490	2.1.3  DS Ingress Node and Egress Node

492	   DS edge nodes may act both as a DS ingress node or as a DS egress
493	   node.  Traffic enters a DS domain at a DS ingress node and leaves a
494	   DS domain at a DS egress node. A DS ingress node is responsible for
495	   ensuring that the traffic entering the DS domain conforms to the TCA
496	   between it and the other domain which the ingress node is connected
497	   to.  A DS egress node may perform traffic conditioning functions on
498	   traffic forwarded to the peering domain, depending on the details of
499	   the TCA between two domains.

501	2.2  Traffic Conditioning

503	   Traffic conditioning functions are performed by DS edge nodes in a DS
504	   domain to ensure that the traffic entering a DS domain conforms to
505	   the rules specified in the TCA, in accordance with the domain's
506	   service provisioning policy, and to prepare the traffic for the PHB-
507	   based forwarding treatment in the interior routers.

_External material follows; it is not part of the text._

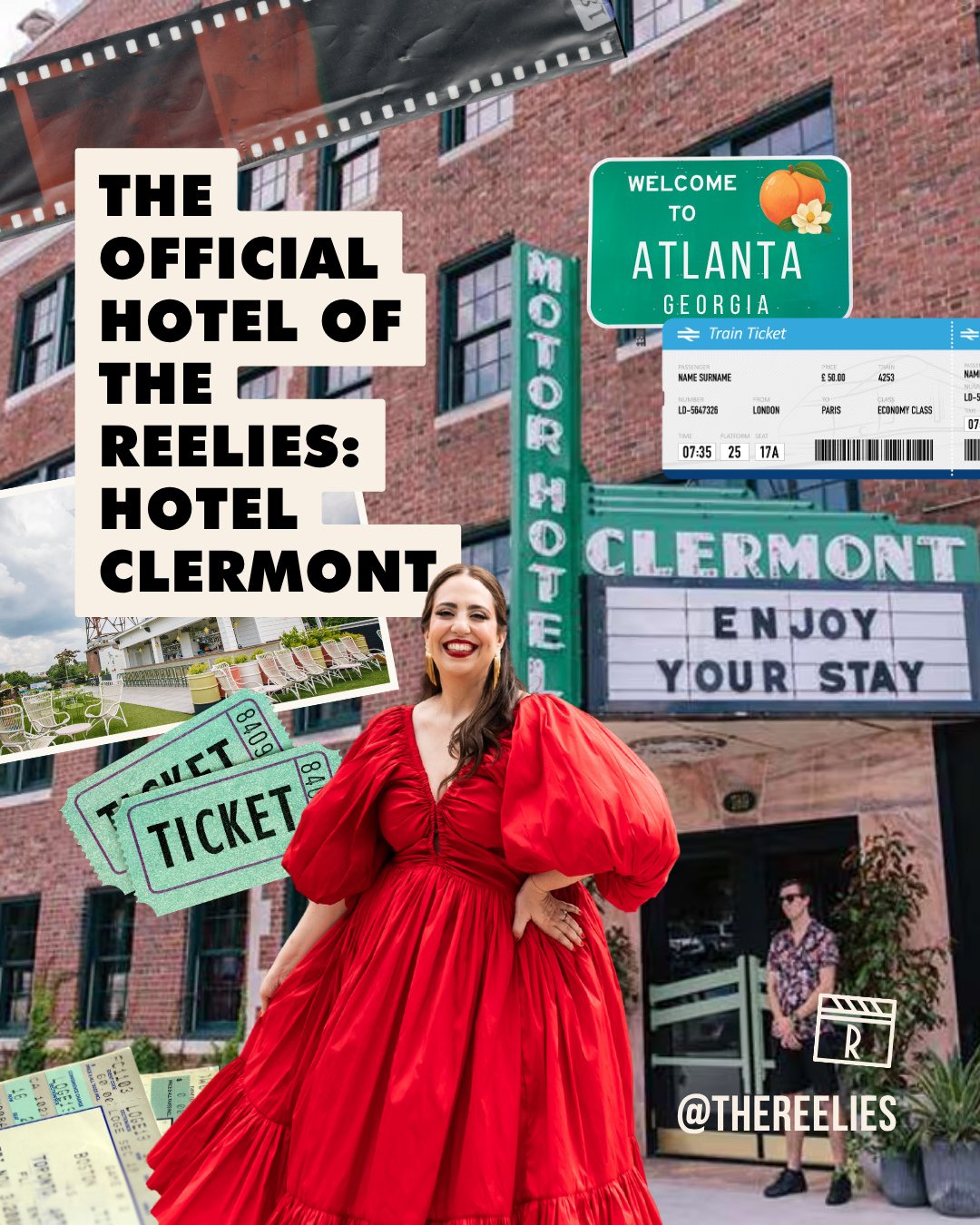 Looking for a place to stay in Atlanta to join us at The Reelies Awards? ⁠
@hotelclermont is our official hotel for the 3rd year and we absolutely love it.⁠
⁠
Reelies attendees have 20% off with the Hotel, so if you want the link to book it, comment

509	2.2.1  General Architecture of Traffic Conditioners

511	   A traffic conditioner may contain the following elements: classifier,
512	   meter, marker, and shaper.  The classifier and the meter select the
513	   packets within a traffic stream and measure the stream against a
514	   traffic profile.  The marker and shaper perform control actions on
515	   the packets depending on whether the traffic stream is within its
516	   associated profile.

518	   A packet stream normally passes to a classifier first, and the
519	   matched packets are measured by a meter against the profile as
520	   defined in the TCA.  The packets within the profile may leave the
521	   traffic conditioner or may be marked by the marker. The packets that
522	   are out-of-profile may be either marked or shaped according to the
523	   rules specified in the TCA.  Note that discard policing can be
524	   performed by a specially configured shaper (see Sec. 2.2.3.4).  When
525	   packets leave the traffic conditioner of a DS ingress node, the DS
526	   field of each packet must be set to one of DS codepoints defined by
527	   the PHB groups supported in the DS domain.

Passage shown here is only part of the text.